Anyway, he made the trip back to Brooklyn. He takes care of the family duties. The Brooklyn Museum has recently acquired the work of John von Wicht, a friend with a house on Mallorca. At the exhibit he meets the widow.

“I didn’t know John died,” he told her. He offered his condolences, but enough time had passed that she didn’t seem to need that any more.

She adjusted her wig. He wondered if she had been undergoing radiation. “I gave a young lady your address in Paris a few years back. Did she find you?”

He had completely forgotten that von Wicht was in the Paris exhibit. He was not exactly an expatriate, but he was showing more in Europe than in America at the time.

“I always wondered how she found me.”

Now Norman accepted another glass of red wine.

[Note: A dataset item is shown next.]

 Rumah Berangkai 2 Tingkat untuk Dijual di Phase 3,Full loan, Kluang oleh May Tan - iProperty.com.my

“I remembered she and the kid and her husband lived up on Central Park West.”

He took another sip, and looked sheepishly at us. “I know I wasn’t very nice about running away when they showed up here. Sorry.” He grandly shrugged again.

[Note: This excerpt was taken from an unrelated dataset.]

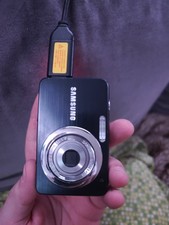 Samsung ST30 ultrakompakte 10,1 MP Digitalkamera schwarz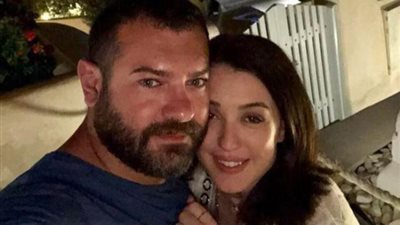 حبيب العمر.. كندة علوش تغازل عمرو يوسف بصورة رومانسية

“As it happens I had a friend on ninety-second street, a block or so away. He had no phone, and when I got there he wasn’t home, so I said What the hell, and knocked on their door. I had to get clearance from a guy in the lobby, but he called up and there I was.”

He ducked his head sheepishly again.

“First thing I notice when she opens the door, a chess set on a glass table in the living room.”

I haven’t told you about Norman and chess. With him it’s an obsession. He’s not the only one in our village. Three or four are a obsessive as he is, Jacob Lind and Paul Kroto, for instance.

Once Norman and Bob Bradbury fell out over a game and didn’t speak to each other for years.

“So we say hello. The kid is at school. She introduces me to her husband. Off she goes to pick up the kid. Her husband and I sit down at the glass table. He’s pretty good, but I am not going to let him win.”

When the wife returns with the child, they are one to one and deep in a chess fury. A quick kiss from her daddy and a suspicious look at the guy with the bushy beard and they go off to the kitchen for snacks.

“My concentration is off, first thing I know he has my queen,” Norman says, eyes popping in retrospective anger. “I still have a chance, but there’s this curly headed midget across the table staring at me. I lost it. I mean I really lost it.”

He growled at his daughter, grabbed his hat and hit for the door. He didn’t wait for the elevator, and he ignored the voices calling out to him in the echoing stairwell.

Now he shook off the ancient anger. He tipped the glass and downed the rest of the wine. On his feet, he spread his arms.

“I could have beat him in a fair fight.”